Brazilian Love Affairs and Jazz Detours
On reading Geoff Dyer’s But Beautiful
I have just finished a Brazilian compilation cassette for the loveliest of ladies. It’s the perfect summer soundtrack. Gilberto Gil, Joyce, Milton Nascimento, Gal Costa, Nara Leao, Os Mutantes, Caetano Veloso, Tom Ze, and Marcos Valle. And I’m enjoying it so much I might just hang on to it, just so long as you don’t tell on me.

I’ve been listening to and treating myself to little else than Brazilian sounds of late. The one exception was wasting a Foppish fiver each on Lee Morgan and Horace Silver late ‘60s titles. And if the Brazilian love affair has been triggered by reading Caetano Veloso’s Tropical Truths, then the jazz detour is the fault of Geoff Dyer’s But Beautiful.
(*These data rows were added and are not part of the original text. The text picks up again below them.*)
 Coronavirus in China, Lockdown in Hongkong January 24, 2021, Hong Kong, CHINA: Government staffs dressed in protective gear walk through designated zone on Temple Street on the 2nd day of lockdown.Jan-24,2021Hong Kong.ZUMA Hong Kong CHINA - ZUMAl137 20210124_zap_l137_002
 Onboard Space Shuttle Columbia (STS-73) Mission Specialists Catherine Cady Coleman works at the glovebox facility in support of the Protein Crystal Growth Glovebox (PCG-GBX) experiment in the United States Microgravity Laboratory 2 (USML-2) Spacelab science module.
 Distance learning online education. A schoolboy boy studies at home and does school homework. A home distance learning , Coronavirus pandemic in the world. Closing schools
As music books go, Tropical Truths is just about the best I’ve ever read. Caetano, self-styled pop star intellectual, shoots off at so many different tangents, and it’s hard not to get caught up in his tropicalismo net. His is the sort of story Geoff Dyer could only dream of being a part of. But at least Dyer has the imagination to cast himself in such a position.
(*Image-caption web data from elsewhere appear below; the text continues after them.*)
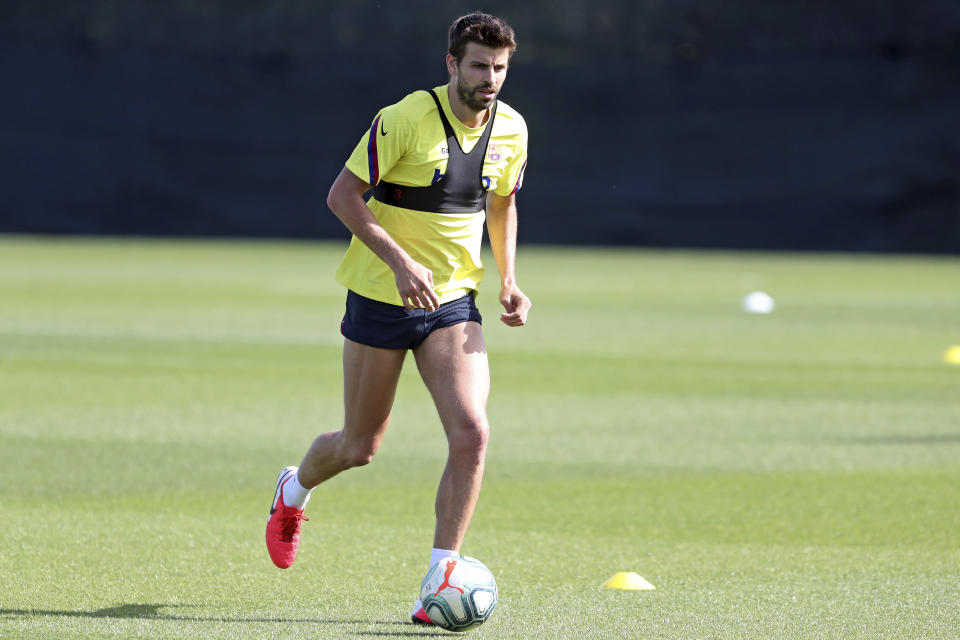 In this photo provided by FC Barcelona, Barcelona's Gerard Pique runs with the ball during a training session in Barcelona, Spain on Friday May 8, 2020. Soccer players in Spain returned to train for the first time since the country entered a lockdown nearly two months ago because of the coronavirus pandemic. (Miguel Ruiz/FC Barcelona via AP)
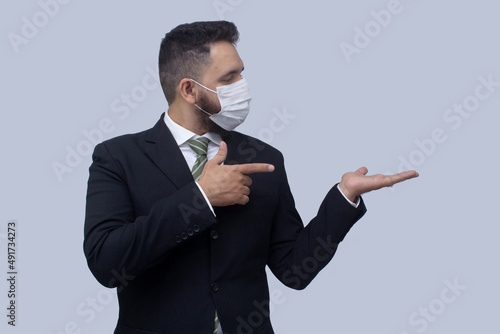 isolated businessman using mask to protect himself from viruses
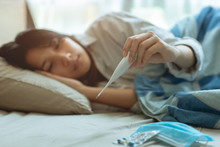 Asian Teen Infected With Covid-19 Flu Sick Lying In Bed Due To A Corona Virus Pandemic, Anxiously Measuring Check Body Temperature With Digital Thermometer.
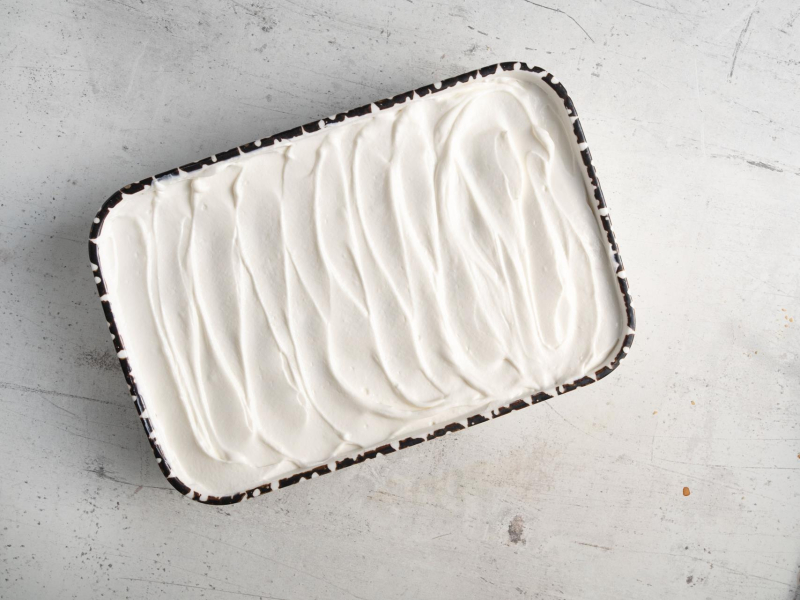 Masa do tiramisu proteinowego rozsmarowana na biszkoptach.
I suspect, but haven’t checked, that Dyer has graced Tangents’ pages before now. If he has, I hope it wasn’t with But Beautiful. I would be kicking myself for missing out. For this is a lovely book about jazz, and ostensibly jazz musicians. And ostensibly it’s a series of vignettes starring some of the jazz greats, like Thelonius Monk, Duke Ellington, Ben Webster, Charlie Mingus, Art Pepper, Chet Baker. Sweet short stories, like snapshots of their lives, capturing the grace, madness, pain and poetry of the jazz life. As we imagine it.

And, continuing a recent theme, the book’s current back cover carries an endorsement from Jonathan Lethem, author of this year’s classic book The Fortress Of Solitude, and Go-Betweens fan. Well, it made me buy it.
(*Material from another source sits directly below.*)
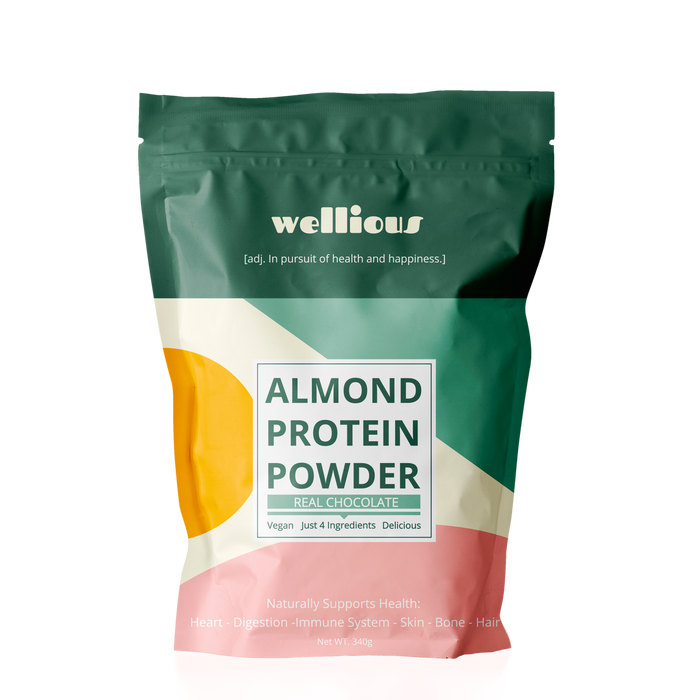 A colorful pouch labeled Wellious Almond Protein Powder, Real Chocolate. Highlights include: vegan, just 4 ingredients, delicious; supports heart, digestion, immune system, skin, bone, and hair; 340g.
What Dyer does is inject new life into jazz cliches, like the drinking, the drugs, the delusions, the dementia, the driving, the darkness, the daring, the discrimination, the dues, the dependencies, the distances, the dreaming, the dames. He knows he is covering familiar ground, but he is a virtuoso, and turns in a set of spectacular performances. Occasionally obvious, over familiar, but beautiful.

And there will be writers sitting in the sunshine somewhere, listening to a soundtrack of Brazilian magic, kicking themselves that they lack the dedication (yeah, something else beginning with d…) to get themselves together to do something as literary and inspirational with the pop medium they love so. Imagine some less obvious characters caught on film, their sacred souls held up to catch certain hints of light and love. But life’s so hectic, and illuminated thankfully by the likes of Dyer. It’s no wonder another of his more recent books is Yoga For People Who Can’t Be Bothered To Do It. He knows what we’re like. And I really should read that one if I see a copy around.